Shaking, she slipped the key into the lock and walked in.
Ordinarily, she would call out Minnie’s name as she arrived home, but she somehow didn’t feel the right to. Only people with bones should be so bold, and Hope was currently skeletonless.
In a meek, small voice, she quietly asked, ‘Min?’
‘In here,’ came the response from Minnie’s bedroom.
Hope approached and went in, holding her breath. Minnie was sitting on her bed, next to Lee, in the small colourful room full of strings of pom-poms and Day of the Dead graphics and a messy criss-cross of hundreds of festoons of coloured fairy lights. She’d clearly been showing him the letters, and her face was glistening with tears. Under the beautiful twinkly lights, she appeared so vulnerable and so very young.
‘Are you … OK?’ Hope ventured.
Minnie leapt off the bed and straight into Hope’s eager arms.
Lee smiled from ear to ear.
‘Mum! Thank God you’re back. Just for a horrible minute, I thought you might’ve left …’
‘Min. I will never leave you. Not like that. I just wouldn’t. You must know that?’
‘Yeah, but I said some stuff …’
‘You’re very shocked. I understand, darlin’ heart. I really do. It must be awful for you.’
They hugged and hugged, and both of them wept as they didn’t let go. Lee looked on, and wondered what on earth was going to happen next.
Hope said, ‘What are the letters like? I’ve nearly opened them a hundred times.’
‘Oh Mum, look at them! There’s seventeen, one for each year. He’s written them on my birthday to let me know he was thinking about me … Look at this one … and this … Isn’t it lovely? He says, “I am your father, and I love you”; he says that a lot. And he explains why he went, so that you and I could be together and so that no one would
ever know. I think he wished he could stay.’
‘Yes, yes, he did. But he couldn’t. He is too honest for that. He chose you over himself really.’
‘And he’s got a little boy. Elijah.
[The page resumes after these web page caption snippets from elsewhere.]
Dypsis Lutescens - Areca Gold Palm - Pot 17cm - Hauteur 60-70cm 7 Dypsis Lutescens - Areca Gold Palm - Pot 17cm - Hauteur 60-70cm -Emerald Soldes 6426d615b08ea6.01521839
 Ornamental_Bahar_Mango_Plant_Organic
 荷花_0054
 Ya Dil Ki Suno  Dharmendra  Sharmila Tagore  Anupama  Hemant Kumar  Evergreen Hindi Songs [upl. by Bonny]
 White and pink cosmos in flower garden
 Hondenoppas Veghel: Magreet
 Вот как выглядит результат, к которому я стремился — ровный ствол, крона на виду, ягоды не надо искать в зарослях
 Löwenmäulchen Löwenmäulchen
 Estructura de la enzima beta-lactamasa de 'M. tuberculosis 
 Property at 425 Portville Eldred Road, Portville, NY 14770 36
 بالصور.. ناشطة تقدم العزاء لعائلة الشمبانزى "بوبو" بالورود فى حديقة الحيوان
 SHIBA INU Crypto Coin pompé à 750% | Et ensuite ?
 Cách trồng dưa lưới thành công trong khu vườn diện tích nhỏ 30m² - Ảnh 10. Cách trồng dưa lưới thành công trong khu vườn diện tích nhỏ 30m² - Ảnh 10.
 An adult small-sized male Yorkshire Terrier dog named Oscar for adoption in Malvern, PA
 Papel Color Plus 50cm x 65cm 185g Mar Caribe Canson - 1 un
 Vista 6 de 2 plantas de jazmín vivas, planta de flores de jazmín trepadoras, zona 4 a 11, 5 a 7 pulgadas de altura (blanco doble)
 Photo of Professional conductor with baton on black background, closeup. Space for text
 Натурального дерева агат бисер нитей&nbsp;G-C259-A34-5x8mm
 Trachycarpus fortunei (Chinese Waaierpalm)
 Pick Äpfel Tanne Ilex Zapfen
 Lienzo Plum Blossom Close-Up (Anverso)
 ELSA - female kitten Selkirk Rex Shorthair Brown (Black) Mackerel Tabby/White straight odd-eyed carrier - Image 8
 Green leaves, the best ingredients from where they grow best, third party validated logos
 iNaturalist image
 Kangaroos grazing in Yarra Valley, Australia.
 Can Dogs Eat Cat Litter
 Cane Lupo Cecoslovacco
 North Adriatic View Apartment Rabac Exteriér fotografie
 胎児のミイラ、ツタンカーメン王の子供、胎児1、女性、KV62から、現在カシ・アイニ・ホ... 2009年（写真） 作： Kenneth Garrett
Well, not so little any more – he’s twelve now. My brother. God, I’ve got a brother! Wait a minute, is he my brother?’ asked Minnie. ‘I dunno! It would be so cool to meet him. Meet all of them. He’s married; she sounds nice …’
‘Right,’ said Hope, trying to disguise the antiseptic sting of her hurt.
‘God, Mum, sorry. Did you know he was married?’
‘No, but listen, I don’t have a right to know anything about his life, much less judge it. I’m glad if he … found some happiness. He should. He deserves it. Just like you deserved him, but it was my fault you didn’t have him, and that bit I’m really sorry about. Are you OK, Min?’ Hope clocked Minnie’s anguished face.
‘Have you …’ Minnie looked at Hope, then Lee, then Hope again. ‘Have you been waiting for him all this time? Did you think he might come back? For you? For us? Is that why you don’t try with anyone else?’
Hope had nothing to say. She hadn’t really even admitted it to herself – she was an expert self-deluder – but her insightful, clever daughter worked it out in seconds. Hope had indeed denied so much. She’d denied all the hurt she’d caused. She’d denied that she was in limbo, hoping against hope that she might be with Quiet Isaac again some day. Only now, in the cold light of Isaac’s news, did she realize how much she’d clung to that hopeless hope. He was married, he had a child, he had moved forward and lived his life. Hope had lived Minnie’s life. Only. Minnie was her EVERYTHING, because in Minnie, Hope kept her own dead Minnie AND Florence alive.